そんな圧倒的な前評判のなか、リリースされたファーストアルバム『SHAKE IT PARADISE』(86年)には、「流星のサドル」「Missing」という今なお愛されている代表作が収められた。とりわけ「Missing」は久保田のボーカル力の高さが遺憾なく発揮された屈指のラブバラードとして、多くのアーティストのカバーを生み出すこととなる。R&Bに興味のなかった人をも振り向かせるきっかけとなったスタンダードナンバーと言ってもいいだろう。
名曲「LA・LA・LA LOVE SONG」や「Missing」はJ-POPの発展にも貢献
90年代に入ると拠点をニューヨークに移し、ワールドワイドな活動を始めるようになる。それは、ブラックミュージックの本場に日本語の柔らかな響きとジャパニーズポップスの持つカラフルさを流入させ、“化学反応”を引き起こすこととなる。そんななかから生まれたのが前述した「LA・LA・LA LOVE SONG」だ。「Missing」同様、長きにわたり(発表から24年!)多くの人に愛されカバー作品を他出している同曲だが、注目すべきは歌っているアーティストの国籍が多岐に広がっていること。
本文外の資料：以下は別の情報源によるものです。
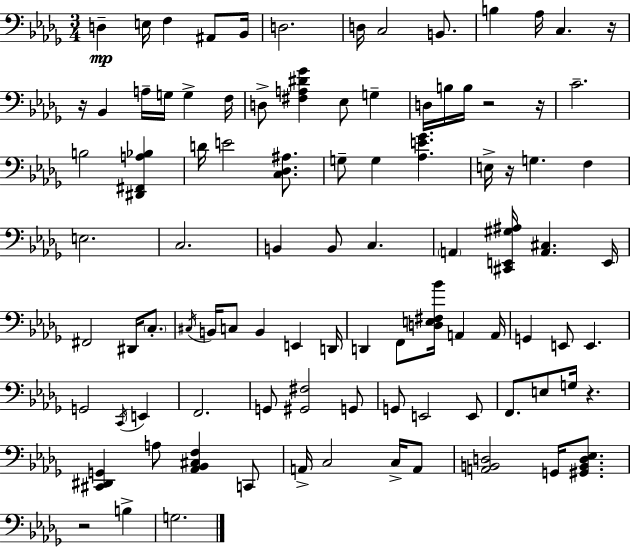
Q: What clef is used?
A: bass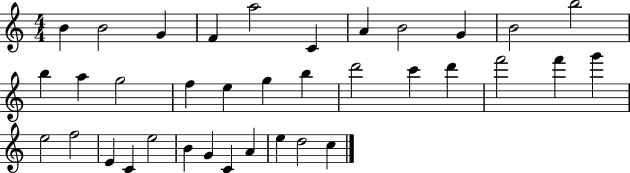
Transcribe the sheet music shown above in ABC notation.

X:1
T:Untitled
M:4/4
L:1/4
K:C
B B2 G F a2 C A B2 G B2 b2 b a g2 f e g b d'2 c' d' f'2 f' g' e2 f2 E C e2 B G C A e d2 c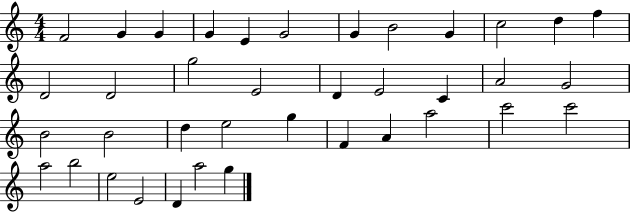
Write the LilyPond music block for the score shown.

文字通り、久保田が“世界”へ一石を投じた証である。
上記のほかにもポップさが心も体も揺さぶる「You were mine」(88年)や「AHHHHH!」(98年)など、印象に残る曲は枚挙にいとまがない。それらがすべてストリーミングで楽しめる時が来た。彼の音源解放はファンの間で以前から強く望まれていたことでもある。それだけに満を持しての“解禁”とも言えるだろう。
デジタルシングルもリリース 久保田自身が「今歌いたい、今聴いてほしい曲」
11月には、南青山・ブルーノート東京で6日間のスペシャルライブも予定されている。ジャジーな空間とグルービーな久保田のパフォーマンスは相性的にも最高と言えるが、同所でのライブは今回が初めて。それだけにどんなセットリストで我々を楽しませてくれるかにも注目したい。
秋が深くなり、より一層耳が音楽を求めてくる季節。久保田利伸の珠玉のナンバーを様々な形で楽しんでいただきたい。